The US government has funneled more than $9bn (£7.7bn) into oil and gas projects in Africa since it signed up to restrain global heating in the 2015 Paris climate agreement, a tally of official data shows, committing just $682m (£587m) to clean energy developments such as wind and solar over the same period.
Two-thirds of all the money the US has committed globally to fossil fuels in this time has been plowed into Africa, a continent rich in various minerals but also one in which 600 million people live without electricity and where floods, severe heatwaves and droughts are taking an increasingly devastating toll as the planet heats due to the combustion of coal, oil and gas.

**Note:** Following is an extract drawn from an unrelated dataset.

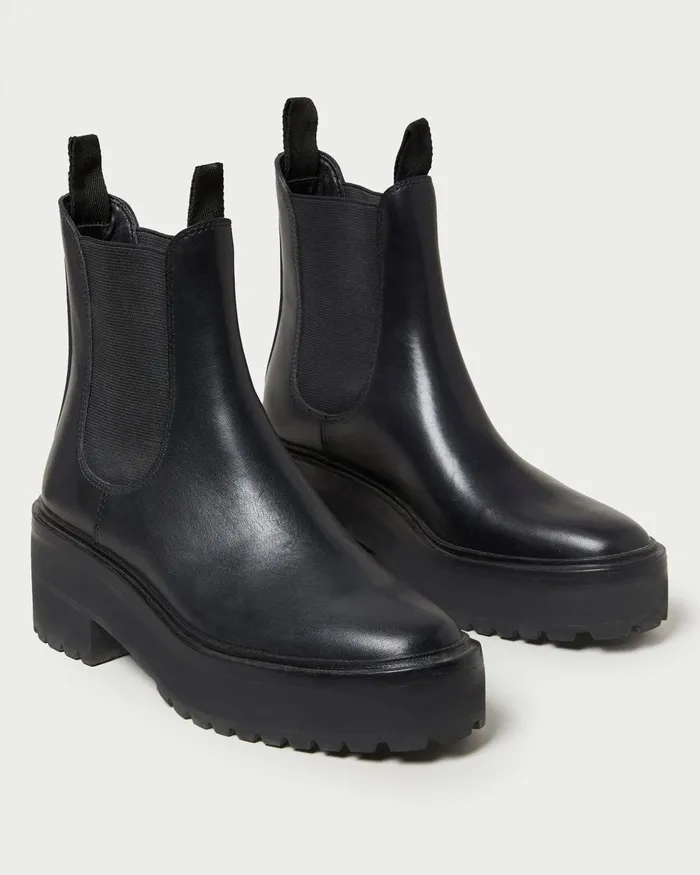 Women Boots Loeffler Randall Reggie Black Chelsea Boot I Ankle Boots I Footwear Women Boots Loeffler Randall Reggie Black Chelsea Boot I Ankle Boots I Footwear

Last year, the Biden administration ordered a halt to investments in “carbon-intensive fossil fuel-based energy projects” globally, promising to usher in a new era of renewables. But sources close to the main agencies involved said that there was no plan as yet to adhere to the president’s goal, risking further greenhouse gas emissions.
“I was thrilled with the promises from the Biden administration but over the last two years its been a slow walk back to the point where you couldn’t tell the difference between Biden and Trump on overseas fossil fuel finance,” said Kate DeAngelis, international finance program manager at Friends of the Earth. She said, “It’s just business as usual. We are seeing some of the most vulnerable communities in Africa be negatively impacted and they don’t have a voice.”

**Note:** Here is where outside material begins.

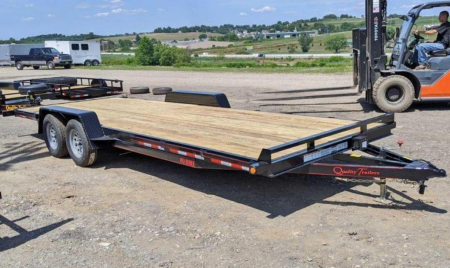 New 2027 Quality 24' HD PRO  ATV  Hauler w/ NO DOVE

The Export-Import Bank of the United States (Exim) is the official export credit agency of the US, established as an independent body and tasked with bolstering American jobs by facilitating exports through financing that private lenders are unwilling to provide. Over the past decade, the agency has propped up coal mining in South Africa, oil drilling in Nigeria and is now supporting a vast gas project in Mozambique as part of a mission to “increase American exports across the continent”, as Reta Jo Lewis, Exim’s president, put it in September. Exim is bound by statute to not explicitly favor one sector, such as wind or solar, over another, such as oil or gas.

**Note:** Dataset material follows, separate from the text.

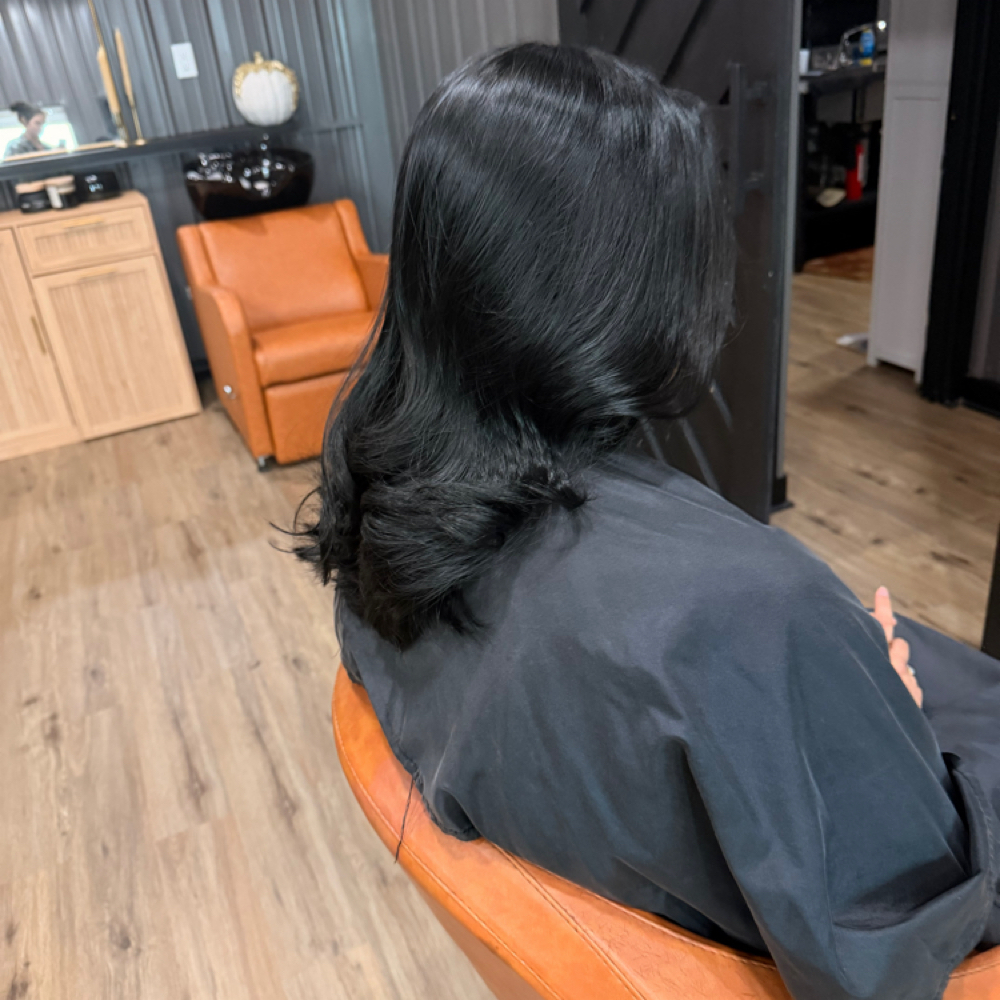 All over color at BeautyxBentley in Benton, AR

From 2016 until last year, Exim’s financing of fossil fuels in Africa dwarfed renewable funding by a factor of 51 to one. The billions of dollars in finance provided by Exim and the United States International Development Finance Corporation, which in the past five years has spent $3.4bn (£2.9bn) bankrolling fossil projects such as oil facilities Guinea and Senegal and a gas pipeline in Egypt. In 2019, Exim made its biggest bet yet on gas, agreeing to provide a $4.7bn (£4bn) loan to finance a project in northern Mozambique overseen by Total, the French oil giant. Mozambique is one of the poorest countries in the world but the push to exploit its deep reserves of gas is only likely to enrich members of the country’s elite and do nothing to bring electricity to the 70% of people who do not have it.
Youba Sokona, a climate scientist from Mali who is a vice-chair of the UN’s Intergovernmental Panel on Climate Change (IPCC), said there was a “tremendous” opportunity to deploy solar-sourced electricity to shift communities away from practices such as cooking with charcoal but that such decisions were largely not being made by Africans themselves.
He explained, “Unfortunately this investment from the US is not feeding the development of Africa, it’s creating fossil fuels for export, this is the problem. The US isn’t investing for the interest of Africans, it’s investing for the interests of the US.
Daniel Ribeiro, a campaign coordinator at Justiça Ambiental, a Mozambique environmental group pointed out, “It saddens me that the US continues to say pretty words but do bad things. Whenever there’s a conflict between making money and making a moral decision, we know what is going to win. That is where the US’s ability to produce beautiful narratives that hide the blood on their hands comes in. He added, “At least China doesn’t pretend that they are investing in Mozambique for any other reason than to make money. The US could at least be honest that this project will be terrible.”